プライドだけで高価な指輪を用意して婚約者に贈ったが、こんなやり取りが後の禍根にならないわけがない。
婚約破棄が相次いだ。
婚約破棄が増えれば成婚率が下がり、夫婦の数が減って出生数が減ったことに国は頭を抱えた。
人的資源という言葉があるように、労働人口の減少は国を揺るがす大問題。
将来どのくらい税収が減るかという試算に国王はヒューバートを呼び出した。
貴族の成婚率の低下問題になぜ自分が呼ばれるのかとヒューバートは本気で頭を捻ったが、アランとしては国王の気持ちが少し分かった。
成婚率の低さには、婚約指輪の件ももちろんあるが、ヒューバートが独身であることも関係していた。
ヒューバートが「誰とも再婚しない」と明言しているにも拘らず、多くの貴族が『うちの娘ならきっとレイナード侯爵に見初められる』と夢見て娘の結婚を急かなかったのだ。

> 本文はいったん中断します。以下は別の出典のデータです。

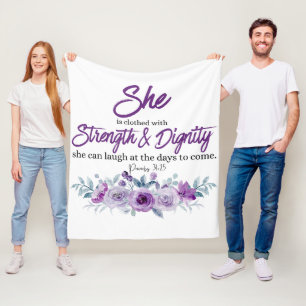 Proverbs 31:25 Strength and Dignity Purple Flower Fleece Blanket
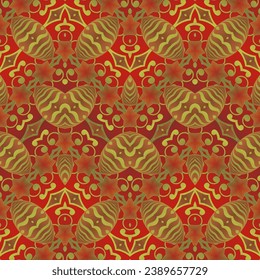 MyRealHoliday : Seamless illustrated pattern made of abstract elements in red and gold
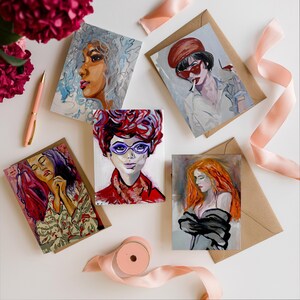 Tarjetas de felicitación con retratos femeninos modernos / Mini impresiones artísticas / Impresiones de mi pintura original con sobres / Tarjetas de estética retro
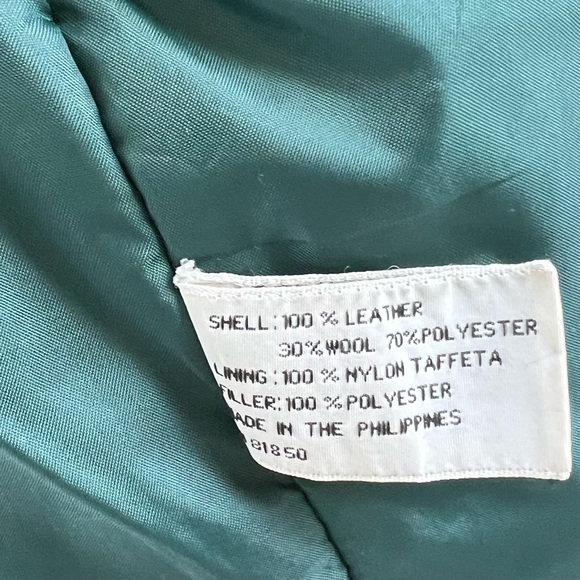 VTG 80s Brandon Thomas Leather Wool Quilt Stitch Lined Coat Jacket Men medium - Picture 9 of 9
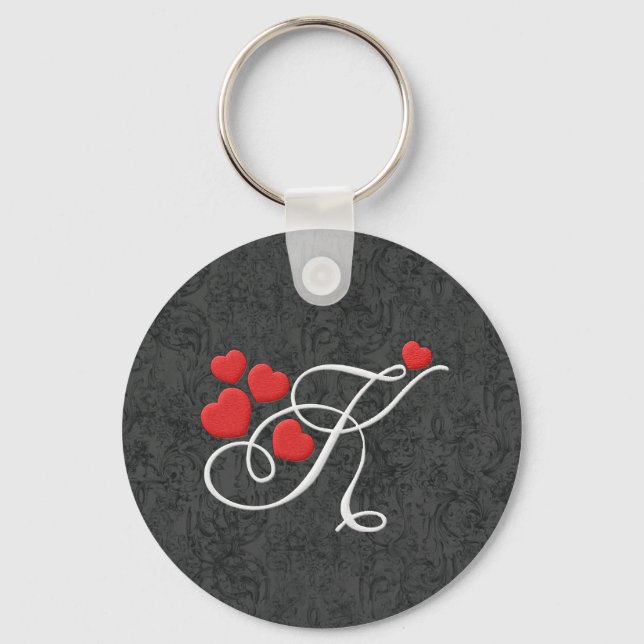 Porte-clés Lettre de coeur élégante K (Recto)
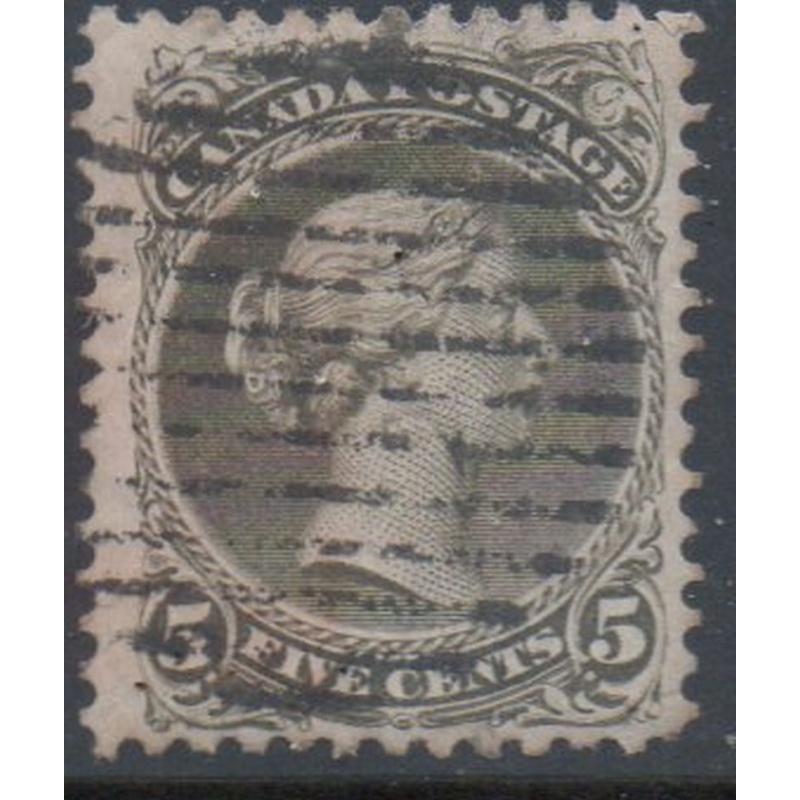 Canada  Sc 26 1875 5 cent olive green Queen Victoria stamp used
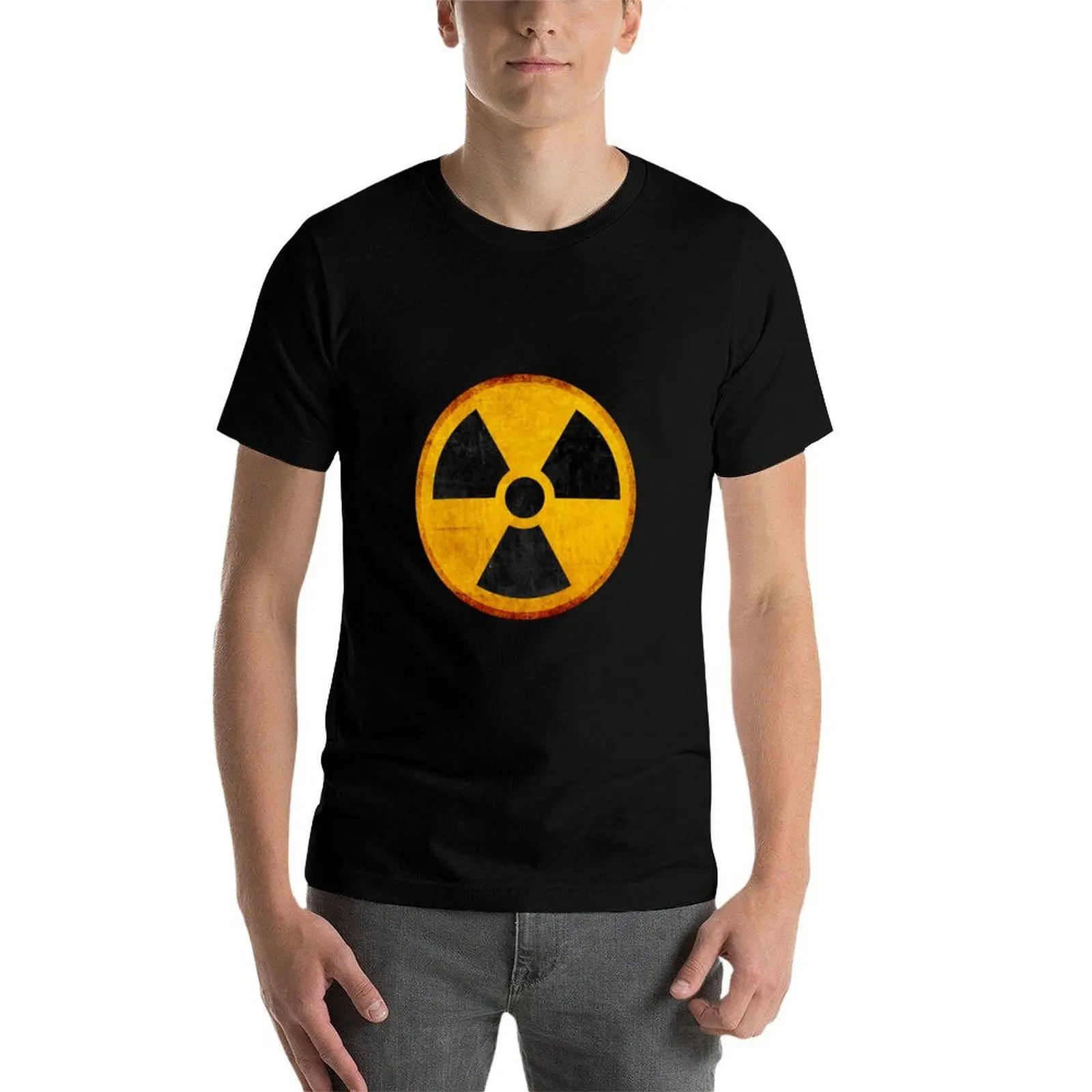 

Radioactivity radiation warning icon T-Shirt man t shirts cotton cotton t shirts man 100% T-Shirt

国王はヒューバートが再婚すれば令嬢とその家族も諦めて結婚活動に力を入れると思った。
(悪手、だよな)
忙しい中を呼び出されて、その内容が「再婚してくれない?」というもの。
ヒューバートの回答は、「知るか」を百倍くらい丁寧にしてお断りだった。
(国王陛下は悪い人ではないのだけれど、商人に交渉するなら何か対価を出さないと)
ヒューバートは国王への『お仕置き』として城の水代を値上げした。
すぐに国王からは「余計なことを言ってごめん」を三倍くらい偉い感じにした手紙がレイナード商会に届いた。

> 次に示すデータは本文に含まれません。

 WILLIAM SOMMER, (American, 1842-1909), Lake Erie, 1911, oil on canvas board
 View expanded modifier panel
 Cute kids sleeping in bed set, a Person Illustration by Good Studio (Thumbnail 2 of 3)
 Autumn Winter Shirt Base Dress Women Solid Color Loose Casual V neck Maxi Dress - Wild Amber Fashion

(パーシヴァル様の存在を知ってから優しくなったよなあ)
そんなヒューバートが変わった。
パーシヴァルの存在を知ってから、ヒューバートはパーシヴァルの将来に関わる問題の解決に少しずつ手を貸すようになった。
貴族の結婚問題もしかり。
ちなみに、手を貸すと言っても「自分が再婚相手に」と夢見る令嬢の希望を根っこから思いっきり引っこ抜いて、「私などよりも」と言ってステファンを始めとする独身貴族たちを紹介しているだけだが。
(これがショック療法というのか、けっこう上手くいっているんだよな……ステファン様以外は)
自分に向けられている好意と欲のベクトルを他の男に無理矢理変えるヒューバートの所業をアランはひどいとは思うが止めていない。
止めたらそのベクトルが自分に向きそうだからだ。
(誰だって自分が可愛い)
快適な職場環境の基本はヒューバートの機嫌がよいこと。
アリシアと共に過ごし、しかもそのアリシアが国が懸念していた婚約指輪の高騰を防ぐ手立てを考えてくれたのだから肩の荷が下りたのだろう。
アリシアの指輪がガーネットだと公表されても、ガーネットとルビーの見分けもできない者と謗られたくないだろうから貴族たちは「素晴らしい婚約指輪」という評価を撤回できない。
これで婚約指輪に金銭的価値は関係なくなる。
このあとヒューバートが「魅力的な婚約者に逃げられたくないからあえて安く」と本音六割で語り、「あのガーネットは貧しい時分に贈ったもの、それをずっと大事にしてくれていた」と付け足せばロマンス的なものも十分だとアランは思った。
(しっかり復讐も果たして、優秀な方だ。しかし、復讐といえば……)
「城にシトロ商会長が呼ばれたんですよね、いいのですか?」
ヒューバートは恩義があるので噂のことでシトロ商会長に何もしなかったが、最近のシトロ商会長は腕輪の件をネタにアリシアと懇意であるように振舞い始めた。
アリシアに女性として近づいているわけではないからいいだろうとシトロ商会長は思っているようだが、ヒューバートの心がそんなに広くないことをアランは知っている。
「ブランシェ伯爵家のサリーシャ嬢がいま王家の客人になっているのは知っているだろ?」
「ええ、昨年の婚約破棄が原因でしたね。令嬢の亡き母君と王妃陛下がご親友だったのですよね?」
「サリーシャ嬢の婚約者である侯爵家のご令息は男爵家のご令嬢に骨抜きにされていてな」
「知ってますよ。浮気相手の男爵令嬢とそこかしこに出没していますからね。男爵令嬢の下克上は見ている分には楽しくもありますが」
「侯爵令息がサリーシャ嬢に突きつけた婚約破棄宣言がな、『婚約指輪を売って慰謝料にしろ! シトロ商会でとても高かったから良い値になるだろう』だったそうだ」
(うわあ……)
ここ五年、あちこちで婚約破棄が勃発しているが、ここまで馬鹿丸出しの格好悪い婚約破棄宣言をアランは初めて聞いた。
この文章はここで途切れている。